§ DIRECTIONS
Please set down each of the lines below once more, exactly, omitting all pictures.

§ INFORMATION SUPPLIED
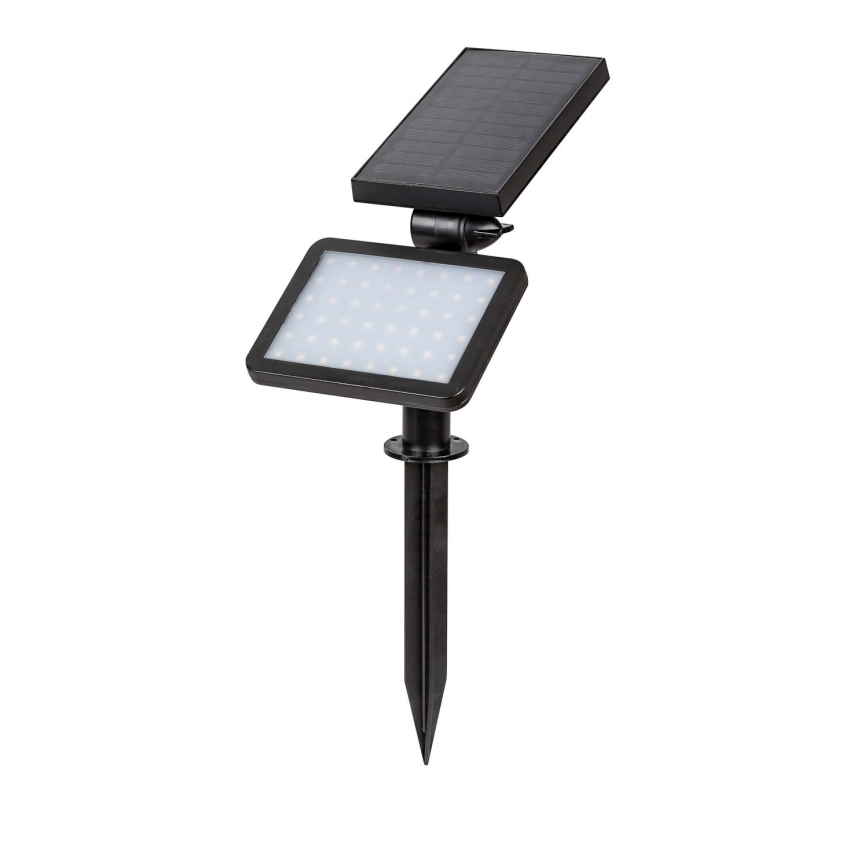 Rabalux - LED Solarny naświetlacz z czujnikiem LED/9,6W/3,7V IP44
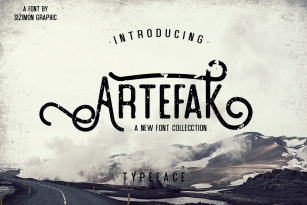 Artefak Font Download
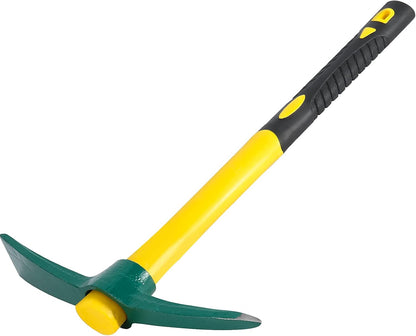 5 PCS Garden Hoe Tool Set, Cultivator Hand Tiller, Digging Hoes
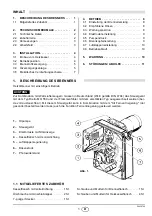 Preview for 17 page of Riello RG2F Installation, Use And Maintenance Instructions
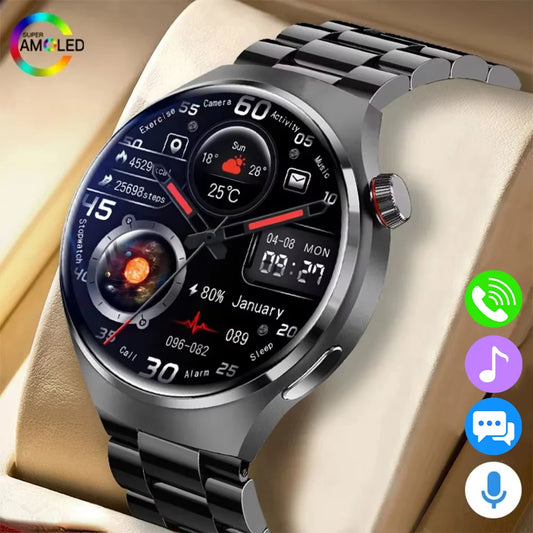 G.L Wear Smart Watch – HD Display, Fitness & Health Tracker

§ TASK RESULT
 Rabalux - LED Solarny naświetlacz z czujnikiem LED/9,6W/3,7V IP44
 Artefak Font Download
 5 PCS Garden Hoe Tool Set, Cultivator Hand Tiller, Digging Hoes
 Preview for 17 page of Riello RG2F Installation, Use And Maintenance Instructions
 G.L Wear Smart Watch – HD Display, Fitness & Health Tracker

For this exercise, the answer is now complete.